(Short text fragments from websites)
▽
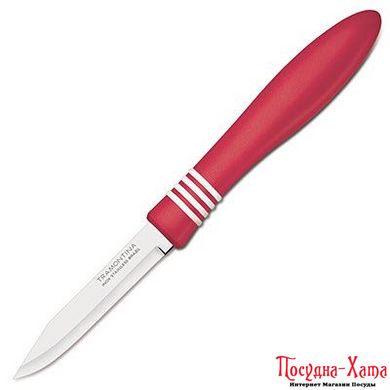 Ножі кухонні овочі блістер2шт. 76мм. Cor&Cor Tramontina - 23461/273 23461/273 фото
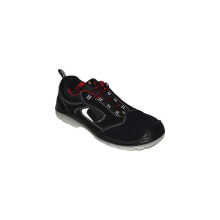 Nitras Sicherheitsschuh EASY STEP Größe 42 schwarz S1P SRC ESD EN ISO 20345 Veloursleder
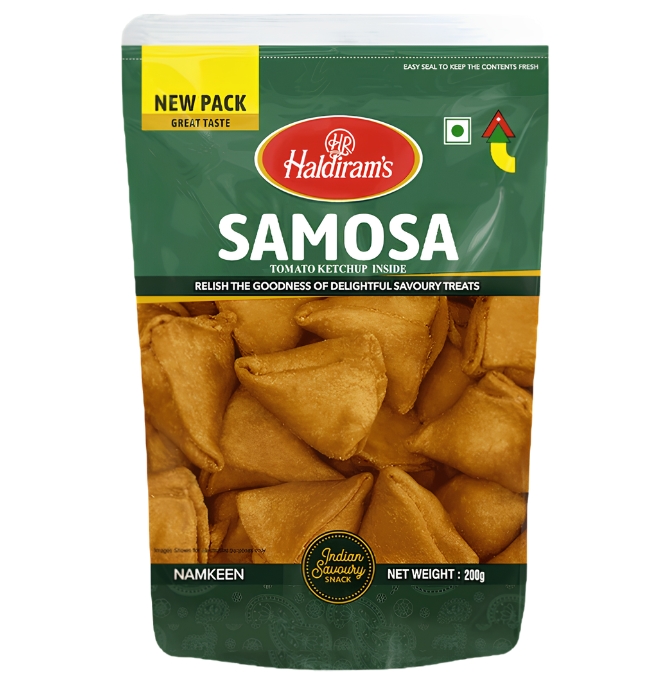 HALDIRAM BOONDI SALTED 200G HALDIRAM SAMOSA - 200G - Image 1
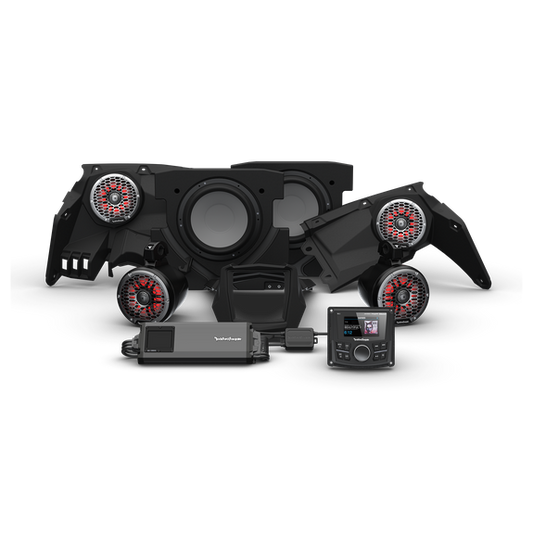 Rockford Fosgate 2017+ Can-Am X3 Stage-5 Audio System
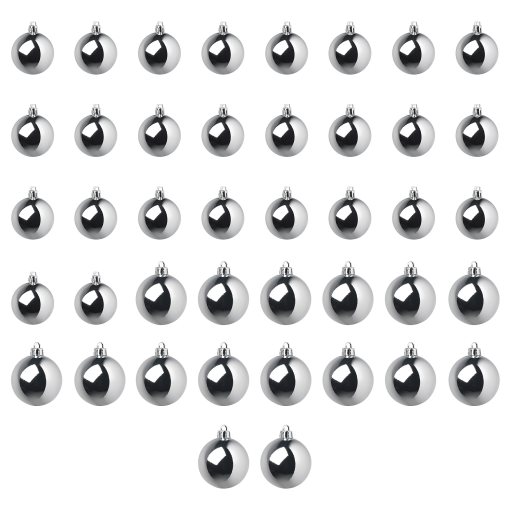 VINTERFINT, decoration bauble, set of 42, 205.295.66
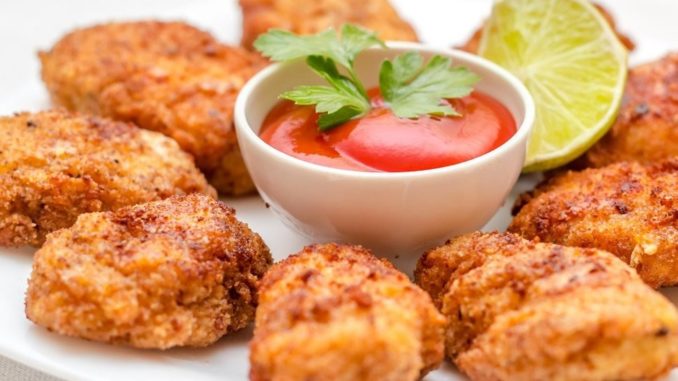 Домашние куриные наггетсы Домашние куриные наггетсы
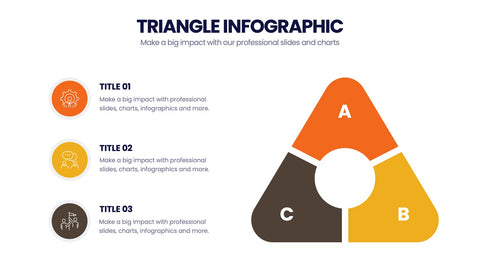 Triangle Infographics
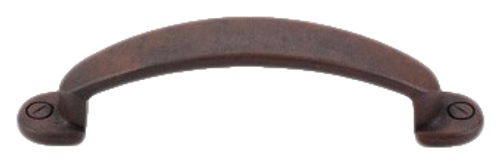 Arendal Pull 3 Inch cc in Patina Rouge M1696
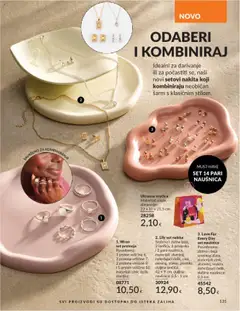 Avon katalog | vrijedi od 01.08.2025 | Stranica: 131 | Proizvodi: Prsten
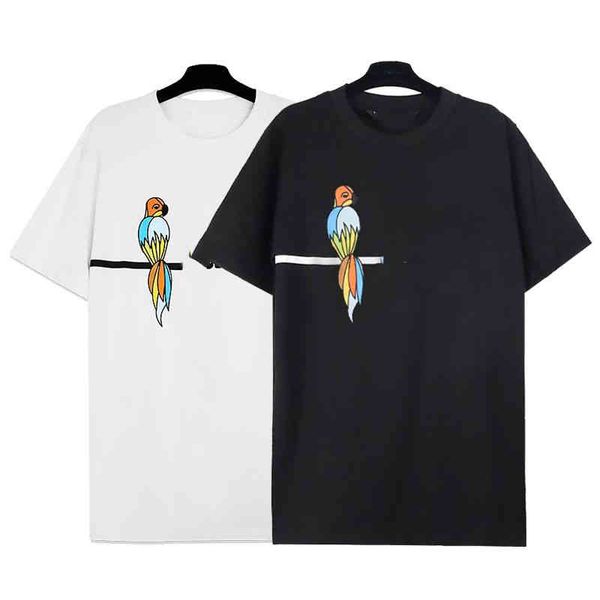designer luxury spring and summer classic t-shirt fashion men and women colorful parrot letter print cotton short t-shirt, White;black
designer luxury spring and summer classic t-shirt fashion men and women colorful parrot letter print cotton short t-shirt, White;black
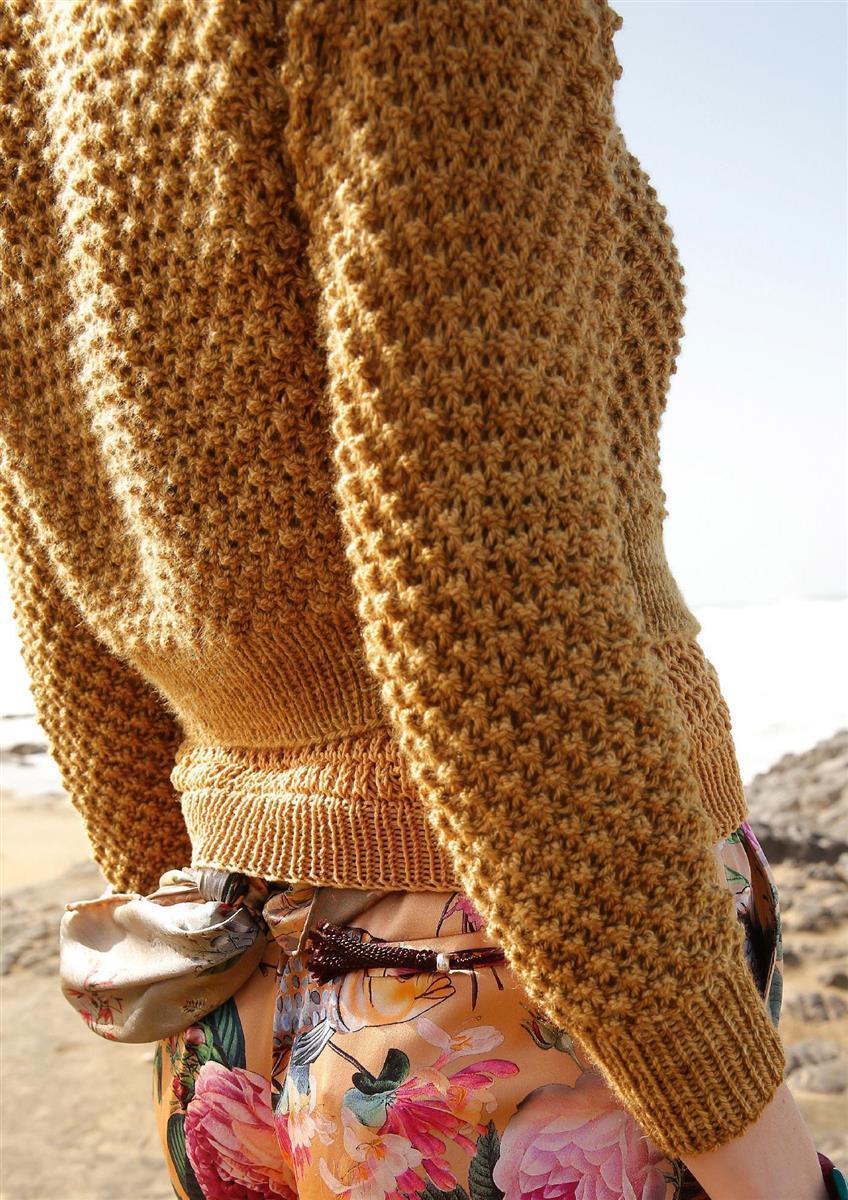 Strickanleitung - Kleine, kurze Jacke - Rebecca - Online.de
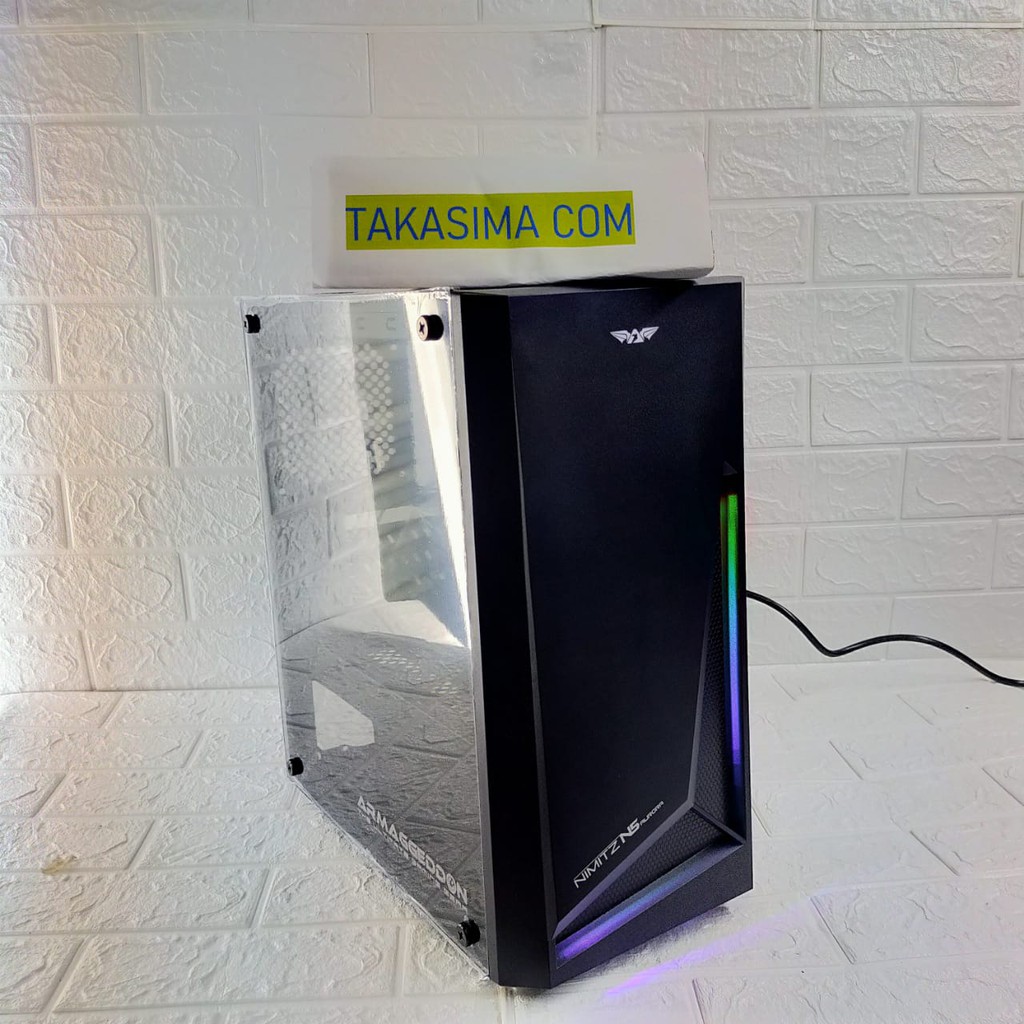 pc gaming core i7 vga 4gb ram 8gb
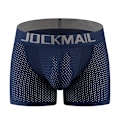 Miniatyrbild 2 av 5: Herrunderkläder Boxershorts Mesh Herrunderkläder med vadderade höftkuddar Dark Blue L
△
→ WHAT NEEDS TO BE DONE
What you give back should be exactly the lines from the top of the data above down to and including the line with "Triangle Infographics", minus any pictures.

→ SOLUTION TO THIS TASK
 Ножі кухонні овочі блістер2шт. 76мм. Cor&Cor Tramontina - 23461/273 23461/273 фото
 Nitras Sicherheitsschuh EASY STEP Größe 42 schwarz S1P SRC ESD EN ISO 20345 Veloursleder
 HALDIRAM BOONDI SALTED 200G HALDIRAM SAMOSA - 200G - Image 1
 Rockford Fosgate 2017+ Can-Am X3 Stage-5 Audio System
 VINTERFINT, decoration bauble, set of 42, 205.295.66
 Домашние куриные наггетсы Домашние куриные наггетсы
 Triangle Infographics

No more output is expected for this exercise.